Это не единственная проблема. Теория струн покоится на нескольких ключевых предположениях, для которых имеются некоторые основания, но нет доказательств. Даже хуже, после всех научных усилий, потраченных на ее изучение, мы все еще не знаем, имеется ли полная и последовательная теория, которая как раз и могла бы отзываться на имя "теория струн". Фактически, то, что мы имеем, совсем не является теорией, а лишь большой коллекцией приблизительных расчетов вместе с сетью догадок, которые, если они верны, указывают на существование теории. Мы не знаем, каковы ее фундаментальные принципы. Мы не знаем, на каком математическом языке она должна быть выражена – возможно, в будущем должен быть изобретен новый язык, чтобы описать ее. В отсутствие обоих фундаментальных принципов (подтверждаемость, фальсифицируемость) и математической формулировки мы не можем сказать, что мы даже знаем, что провозглашает теория струн.
Вот как струнный теоретик Брайан Грин представляет это в своей последней книге Ткань космоса: "Даже сегодня, более чем через три десятилетия после ее первоначального озвучивания большинство струнных практиков уверены, что мы все еще не имеем всестороннего ответа на элементарный вопрос: что есть теория струн? ... Большинство исследователей чувствует, что наша сегодняшняя формулировка теории струн все еще нуждается в некой разновидности центральных принципов, которые мы нашли в основании других великих достижений".
Герард т′Хоофт, обладатель нобелевской премии за его труды в физике элементарных частиц, охарактеризовал состояние теории струн следующим образом: "На самом деле, я не стал бы даже пытаться называть теорию струн теорией, а не моделью или даже так: просто предчувствием. В конце концов, теория должна выйти с инструкциями о том, как действовать в ее рамках, чтобы идентифицировать вещи, которые она хочет описать, в нашем случае элементарные частицы, и она должна быть в состоянии, по меньшей мере, в принципе, сформулировать правила для расчетов свойств этих частиц и как делать новые предсказания для них. Представим, что я даю вам кресло, одновременно объясняя, что ножки все еще отсутствуют, и что сидение, спинка и подлокотники будут, вероятно, в ближайшее время доставлены. Что бы я вам ни дал, могу ли я все еще называть это креслом?"

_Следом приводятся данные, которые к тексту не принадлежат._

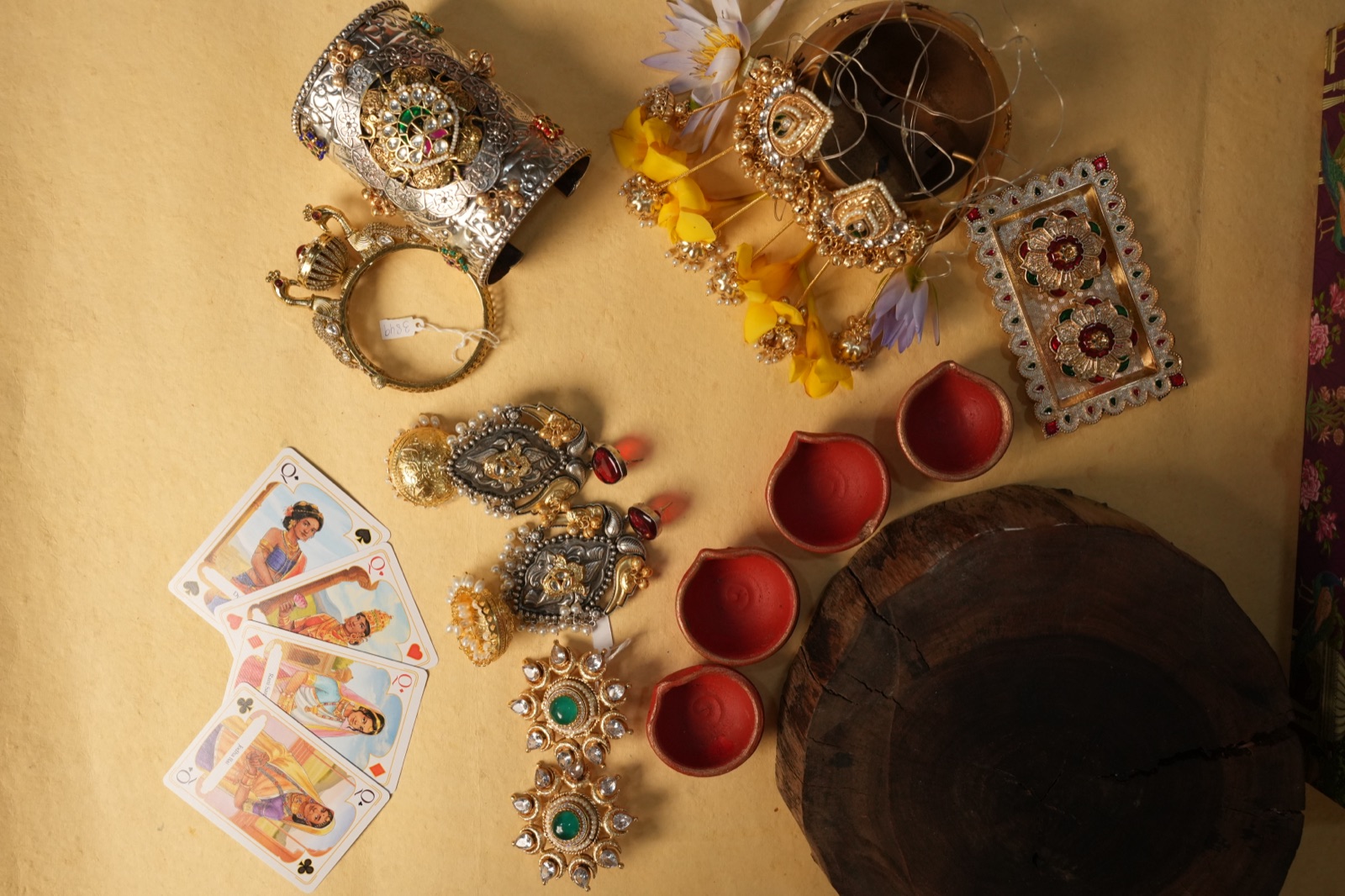 A Karva Chauth flat lay with diyas and festive jewellery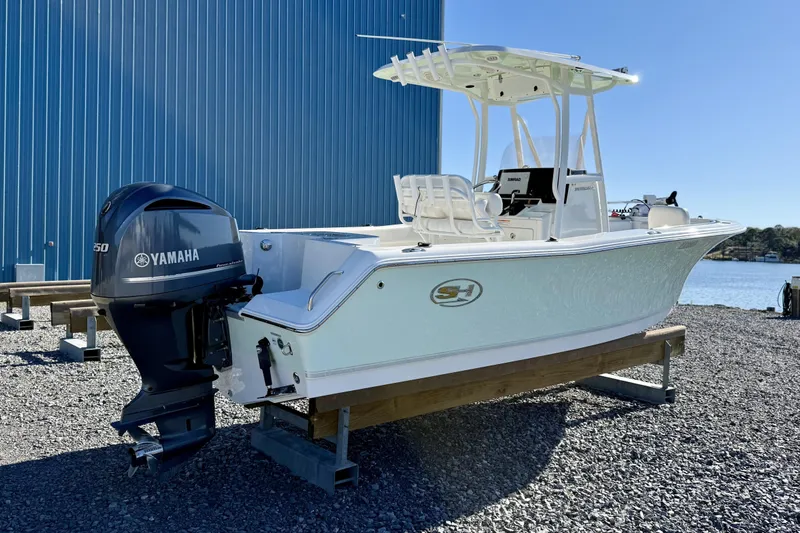 Slide: The Image of 2017 Sea Hunt Triton 225 boat with Yamaha engine, displayed outdoors near water. - 7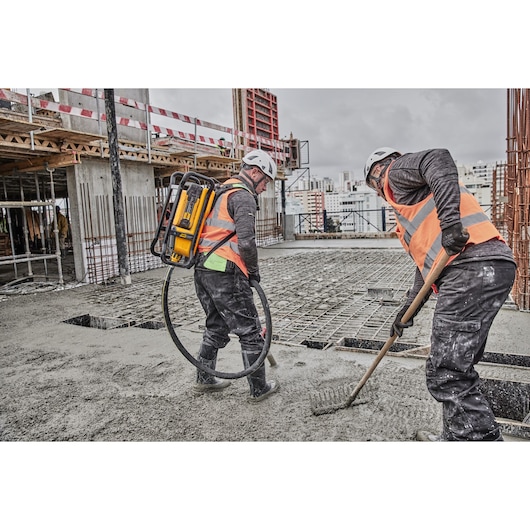 Two workers pouring and raking on concrete on a construction site. Concrete is being poured using Powershift Backpack Concrete Vibrator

Дэвид Гросс, нобелевский лауреат за его труды по стандартной модели, стал с тех пор одним из самых агрессивных и грозных защитников теории струн. Даже он, закрывая недавнюю конференцию, намеревался отпраздновать прогресс теории словами: "Мы не знаем, о чем мы говорим ... . Состояние физики сегодня подобно тому, что было, когда мы были озадачены радиоактивностью ... . Они потеряли что-то абсолютно фундаментальное. Мы потеряли, возможно, что-то столь же основательное, как и они в те времена."

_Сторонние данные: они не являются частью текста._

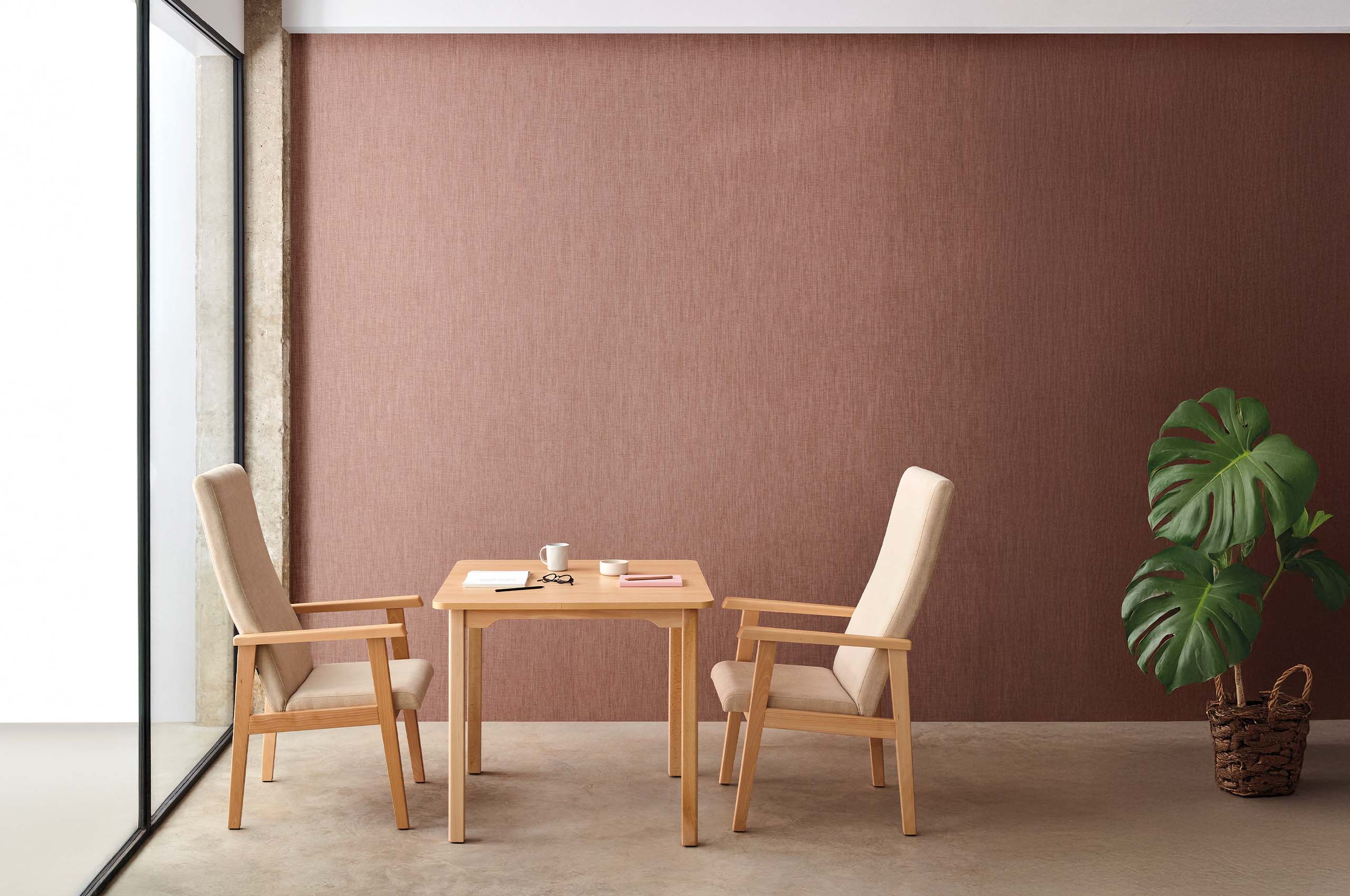 Minimalistisch eingerichteter Innenraum mit kleinem Holztisch, zwei gepolsterten Stühlen, Notizbüchern und einer großen Monstera‑Pflanze.
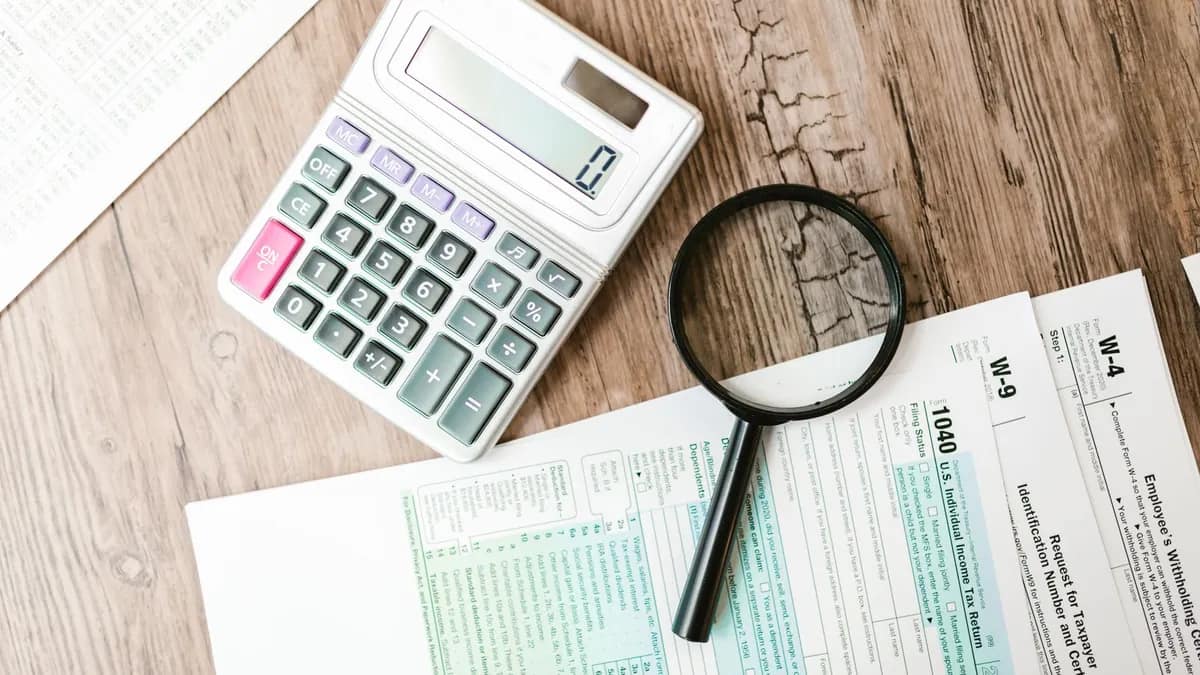 Federal tax forms spread across a table with a calculator and a magnifying glass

Но, хотя теория струн столь неполна, что даже само ее существование является недоказанной гипотезой, это не останавливает многих, кто работает над ней, от уверенности, что она представляет собой единственный путь вперед для теоретической физики. Одного известного струнного теоретика, Джозефа Полчински из Института теоретической физики Кавли в Калифорнийском университете, Санта Барбара, не так давно просили рассказать об "альтернативах струнной теории". Его первой реакцией были слова: "оказалось, что все это глупости, не имеется альтернатив ... . Все хорошие идеи являются частью теории струн." Любош Мотль, доцент в Гарварде, недавно заявил на своем блоге, что "наиболее вероятная причина, почему ни один ... человек не убедил других в альтернативах к теории струн, заключается в том, что, вероятно, не существует альтернатив теории струн."

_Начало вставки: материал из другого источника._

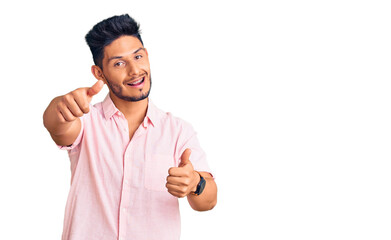 Handsome latin american young man wearing casual summer shirt approving doing positive gesture with hand, thumbs up smiling and happy for success. winner gesture.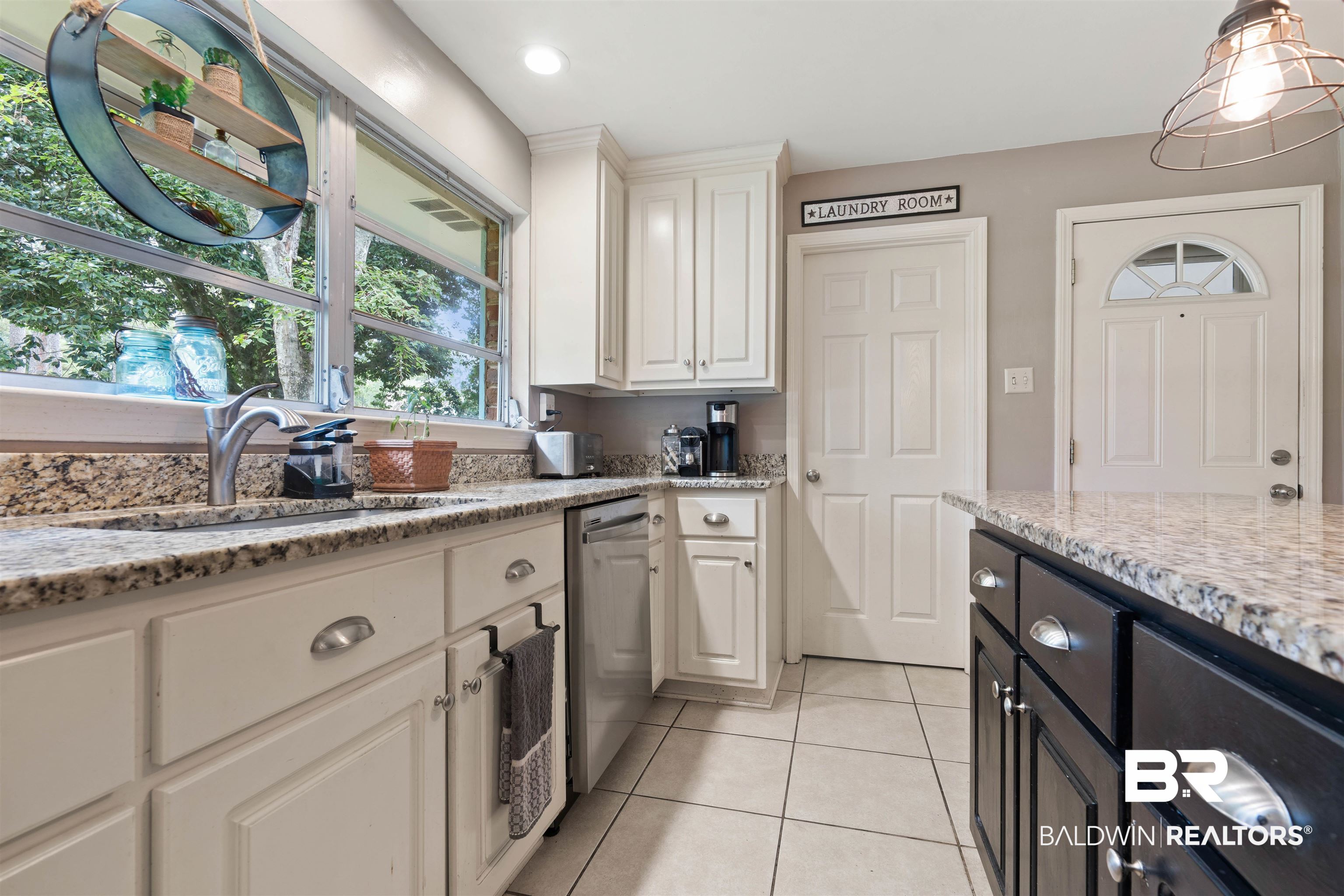4051 East Canal Circle Mobile, AL 36619 - Photo 12 of 32 Kitchen with white cabinets, sink, dishwasher, light stone counters, and light tile patterned floors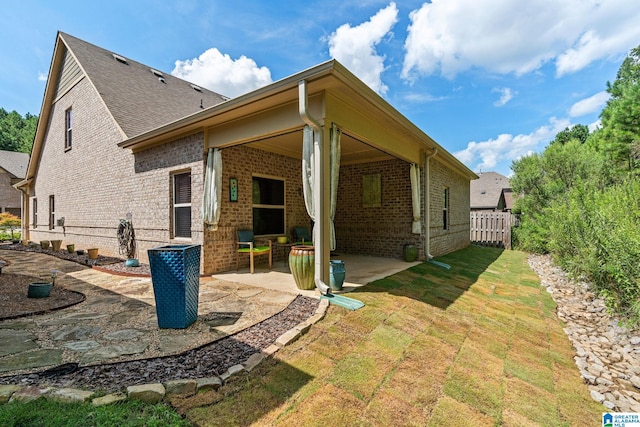 rear view of house featuring a patio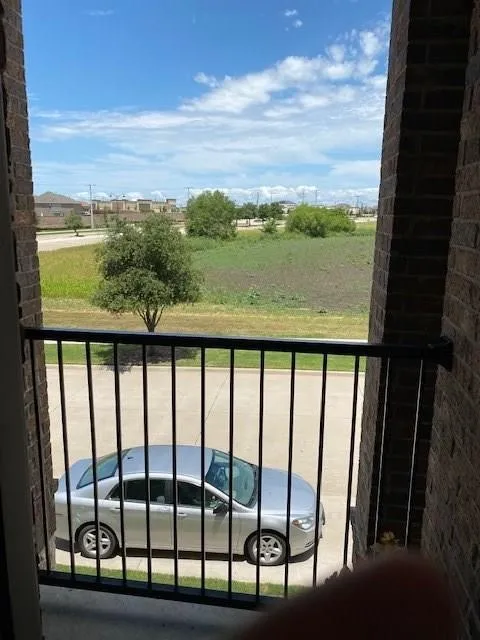 Balcony featuring a black metal railing, brick pillars, and a distant treeline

Что тут происходит? Обычно в науке под термином теория имеется в виду нечто вполне определенное. Лайза Рэндалл, влиятельный теоретик в области частиц и коллега Мотля по Гарварду, определяет теорию как "определенную физическую систему взглядов, которая воплощается в наборе фундаментальных предположений о мире, – и экономную систему взглядов, которая включает в себя широкое разнообразие явлений. Теория дает особый набор уравнений и предсказаний – тех, которые подтверждаются успешным согласием с экспериментальными результатами".
Теория струн не подходит под это определение – по меньшей мере, пока не подходит. Как тогда некоторые эксперты могут быть уверены, что альтернатив теории струн нет, если они точно не знают, что она собой представляет? Что такое в точности то, чему, как они уверены, нет альтернативы? Таковы некоторые вопросы, которые заставили меня написать эту книгу.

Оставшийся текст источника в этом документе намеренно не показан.